İkinci konu Süveyş Kanalına alternatif yeni kanal projesidir. İsrail Sina’dan alternatif bir kanal yapmak istiyor ve Gazze’yi tek engel olarak görmektedir. Hem Mısır hem Filistin’nin devre dışı kaldığı bu projeye maalesef Abdulfettah Sisi iktidarın devam etmesi, Mısır’ın borçlarının silinmesi, Hamas’ın ortadan kaldırılması, içeride Sisi’ye darbe yapma ihtimali olan askeri güçlerin engellenmesi ve Doğu Akdeniz gaz ve petrolünden payının garanti edilmesi karşılında onay vermektedir. Küreselcilerin deniz ticaretini tamamen kontrol edeceği bu yeni düzene Amerika ve Avrupa da bu saikle destek vermektedir.
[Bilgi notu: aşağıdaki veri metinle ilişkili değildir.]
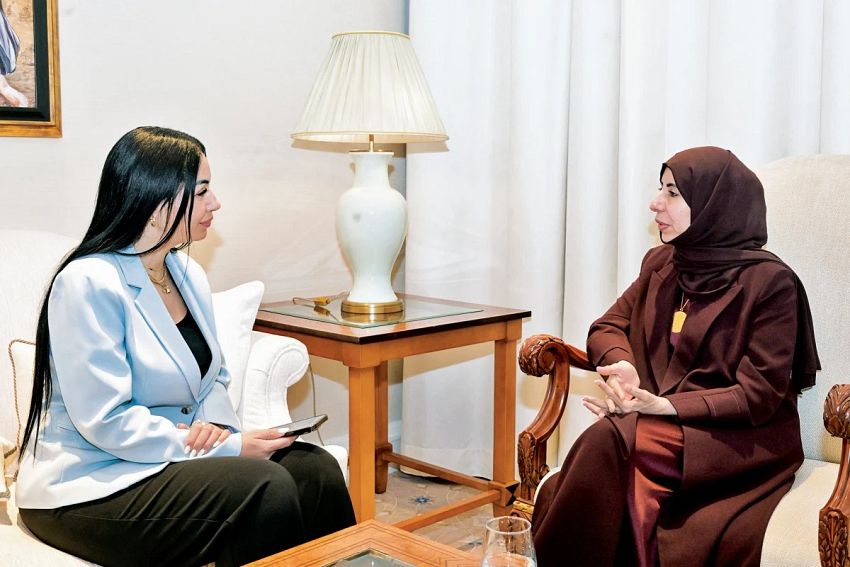 وزيرة الخارجية: اليمن المستقر رصيد لأمن الخليج والمنطقة والتجارة الدولية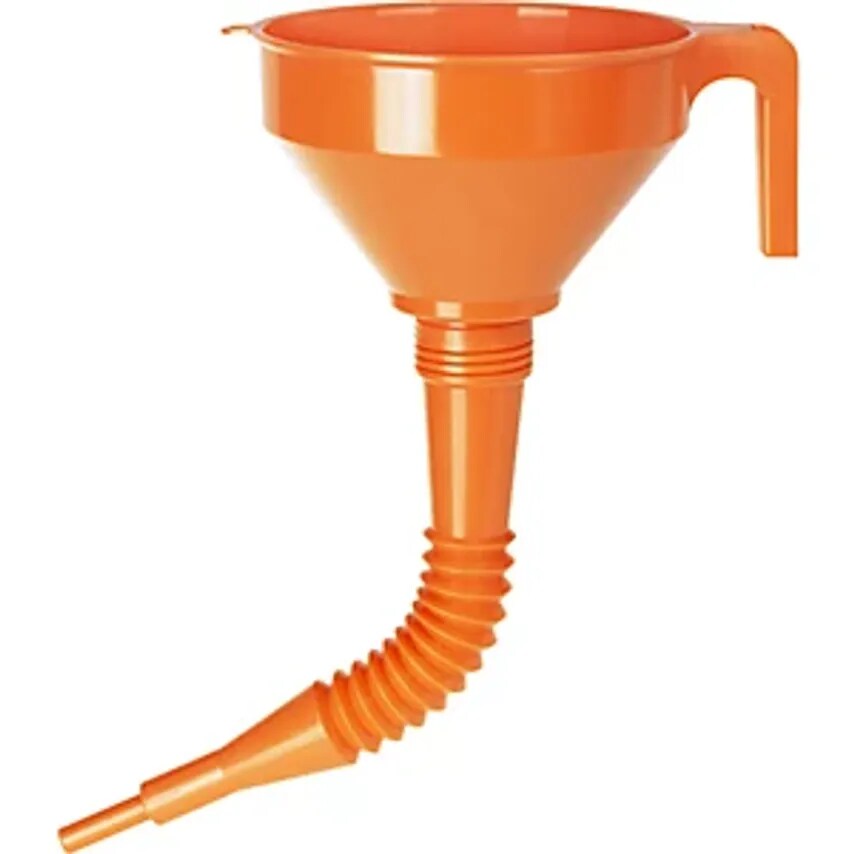 PRESSOL Schmiergerte Catalytic Converter Funnel, Capacity 1.2 L, Pack- you get 3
Diğer konu ise Arap rejimleri genelde İhvan özelde Hamas’tan nihai olarak kurtulmak istemesidir. İsrail eğer Aksa Tufanı olmasaydı, yakın zamanda, Hamas’ın tüm teklifleri reddetmesi, Normalleşmeler önünde engel teşkil etmesi, Batı Şeria’da gücünü artırması sebebiyle İsrail büyük askeri operasyon ile Gazze’ye saldıracak ve Gazze’yi Sina’ya sürecek, Batı Şeria’ da yine yeni bir sürgün ile Ürdün’e sürecekti. Filistin’de istedikleri otantik bir azınlık Filistin topluluğu kalacak ve Amerika bölgeyi büyük ölçüde İsrail’e bırakacaktı. İçinde yaşadığımız Savaş esnasında Netenyahu bu planı sıkça zikretmiş hatta birçok batılı lider görüşmesinde bu konuyu ifade ederek bu savaşın bu planları uygulamak için iyi bir fırsat olduğunu ifade etmiştir.

 

  1. Normalleşmeler ve Filistin’inin Teslim Planı

Ortadoğu’da uzun zamandır en derinlikli siyasi tartışma normalleşmeler üzerinden yürümektedir. Birçok ülkede ülke içi siyasi dengeleri, halk-rejim çatışmasını ve ülkelerin yeni dış politika çerçevesini normalleşmeler belirlemektedir.   Mısır ve Ürdün’ün tarih içerisinde normalleşmesi artık kanıksanmıştı. Birleşik Arap Emirlikleri, Bahreyn gibi ülkelerin yeniden başlattığı normalleşme adımları Sudan ve Fas’ın da dahil olmasıyla meseleyi artık büyük bir soruna dönüştürmüştür. Son olarak Suudi Arabistan’ın normalleşme görüşmeleri sürecin artık Filistin davasının bitmesi ve bölge ülkelerinin meselelerini İsrail ile görüşüp sürdürdüğü yeni bir dönemin başlatılmasına götürdüğü bir durumu ortaya koymuştur. Filistin Direnişi, Filistin’in, Aksa’nın geleceği ve özgürlüğü için bu tehdidi en iyi şekilde algılamış ve bu sürece son verecek İsrail’in tüm planlarının ortaya çıktığı bir operasyonu gerekli kılmıştır.  Uzun zamandır Filistin Direnişi siyasi, toplumsal, diplomatik girişimleri başlatmış, normalleşmelerin Filistin için nasıl bir sorun olacağını tüm Müslüman devletler ve halklara anlatmış fakat yeteri karşılık bulamamıştır. Zira normalleşmelerin arkasında açık bir Amerika tahdidi ile hareket eden ülkeler normalleşmeleri halklarına ve tarihi Filistin Davasına rağmen sürdürmektedir. bu bağlamda bu operasyon hem Filistin Davasının varlığını muhafaza etmiş hem de İsrail’in normalleşmeler ve sonrası tehcir ve katliamlar ihtiva eden planlarını ortaya koymuştur.  Böylece normalleşmeler ve normalleşen ülkelerin planları kısa vadede yürüyemez görünmektedir.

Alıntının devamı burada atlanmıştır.